Ganze siebenmal stand er bisher für das A-Team auf dem Platz, im Durchschnitt dauerte sein Einsatz etwa eine Halbzeit . Dafür war Havertz schon an vier Toren beteiligt, was eine Quote von mehr als einem Scorer-Punkt in 90 Minuten macht. Weil er wie Thomas Müller am liebsten zentral, rechts offensiv oder als zweite Spitze agiert, war die Frage „Müller oder Havertz" die Generations-Frage des heutigen deutschen Fußballs.
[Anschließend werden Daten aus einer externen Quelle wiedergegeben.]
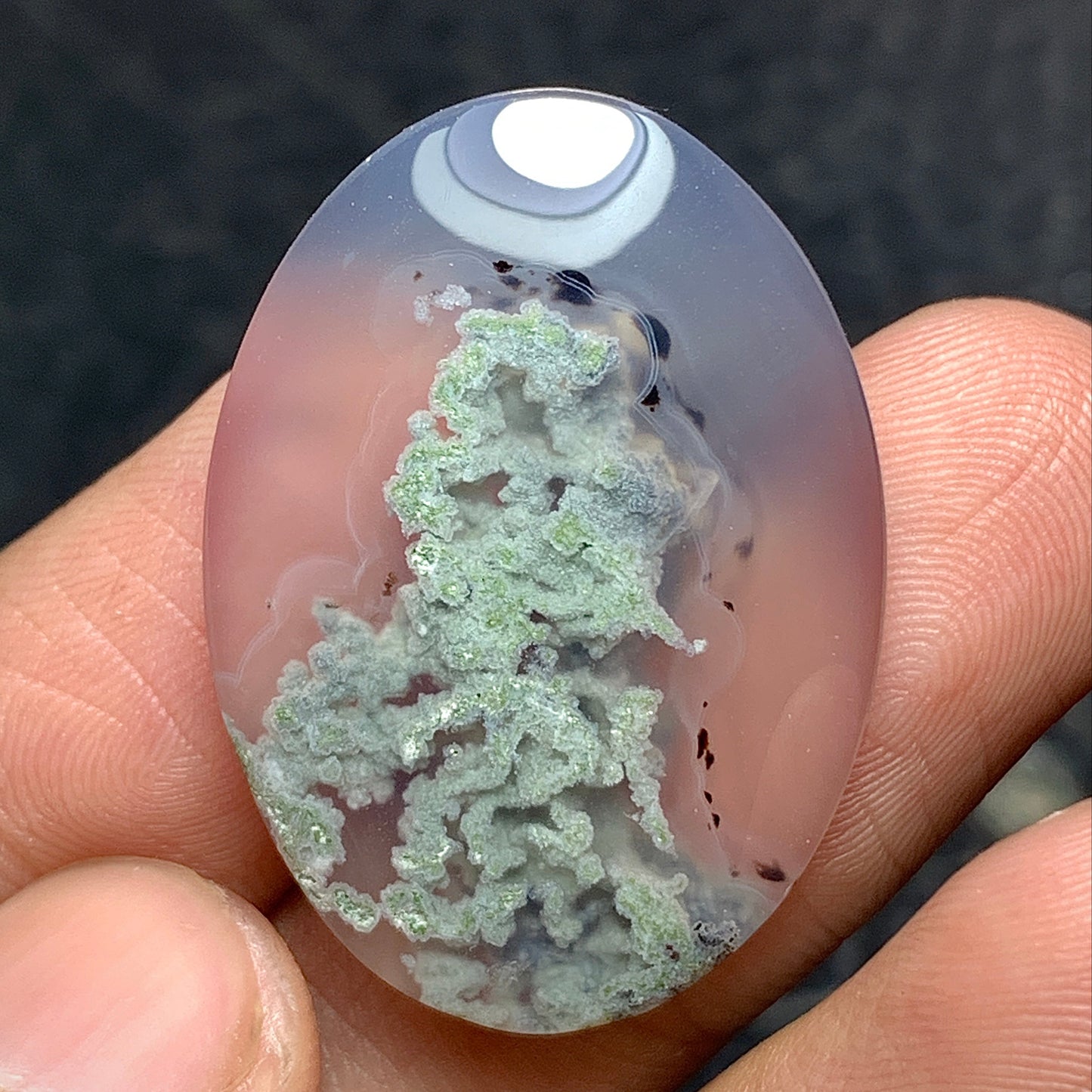 Scenic Moss Agate Cabochon 30x22x6mm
Die Bayern schienen sich unter Trainer Nico Kovac zunächst für Havertz zu entscheiden, schwenkten unter Hansi Flick aber bewusst um und nahmen von einer Havertz-Verpflichtung Abstand. Löw dachte umgekehrt. Wenn er eine Müller-Rückkehr immer wieder mit dem Verweis ablehnt, dass er jungen Spielern Raum schaffen will, denkt er eben vor allem an einen: Kai Havertz, das größte Versprechen des deutschen Fußballs.
Doch übrigens: Wenn man die EM-Verschiebung als positiv beurteilt, weil Süle, Sané und Reus eine zweite Chance erhalten könnten, so muss man doch abwarten, ob im kommenden Jahr tatsächlich niemand ausfällt. „Die Belastung wird sehr hoch werden", sagt Ersatz-Kapitän Kroos: „Es muss gute Absprachen geben zwischen den Vereinen und Verbänden. Sonst befürchte ich viele Verletzungen."